All of this is extremely important for the health of your internal organs. If you stop doing yoga and exercising in general, all these positive effects will soon fade away. While it doesn’t put you in any direct danger, not stimulating blood flow will result in lower hemoglobin and lower capacity of your organs and muscles to process oxygen, which is not a good thing, either.

Effects on Immune and Nervous Systems

Finally, the effects of reducing stress, improving focus, and generally achieving a state of harmony and balance also come from the physical processes in your body. Specifically, the impacts on the hypothalamus that regulates emotional responses.

Regular yoga practice’s significant influence on the hypothalamus results in more balanced responses to stress, reduced fear and anxiety, and more calmness and self-awareness that all contribute to your mental and physical well-being.

Optimizing emotional responses is great for your nervous system. What is more, it influences the immune system, too, making it stronger and more resistant to potential health issues.

If you stop doing yoga, you may find yourself more vulnerable to the harmful effects of stress which often result in low immunity. That’s because the inhibition of processes in the hypothalamus has to be consistent to ensure a stable result. 

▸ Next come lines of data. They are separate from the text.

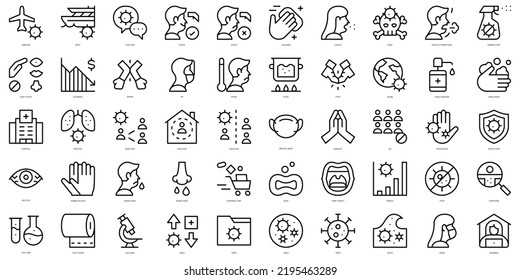 Set Of Simple Outline Coronavirus Icons. Thin Line Art Icons Pack. Vector Illustration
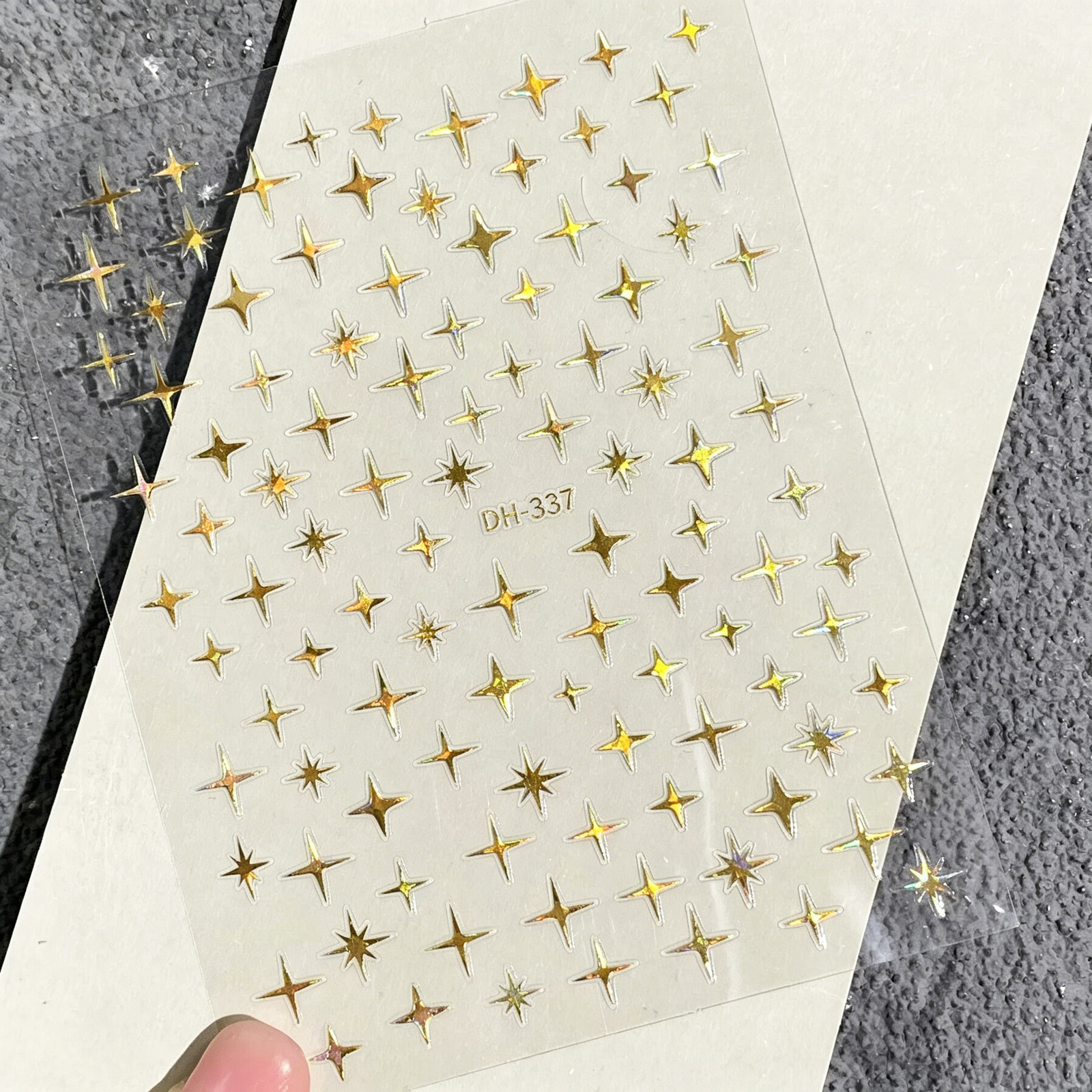 Viral Internet-Famous Laser Gold & Silver Four-Pointed Star Nail Stickers, Flat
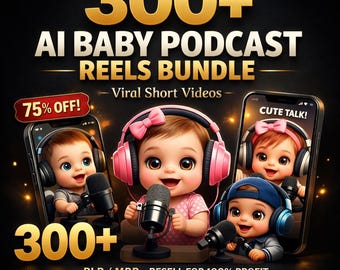 300 AI Baby Podcast Reels - Virales süßes Video-Bundle für TikTok, Instagram Reels, YouTube Shorts - HD Kurzvideos - Sofortiger digitaler Download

Read my guide 6 Ways To Make Your Yoga Routine Actually Stick to help you with your routine.

Conclusion

The changes in your body happen on many different levels as you stop your regular practice. 

The most visible effect will be the weakening and shrinking of the muscles you built over time through consistent yoga sessions. If gaining muscle wasn’t your main goal, you may still find yourself having less energy and muscle tone without regular exercise.

You may also experience other changes in your body that will reflect on your overall well-being, including:

  • Reduced heart tone and endurance
  • Thicker blood
  • Reduced capability of internal organs to process oxygen
  • Low immunity
  • Increased vulnerability to stress and anxiety.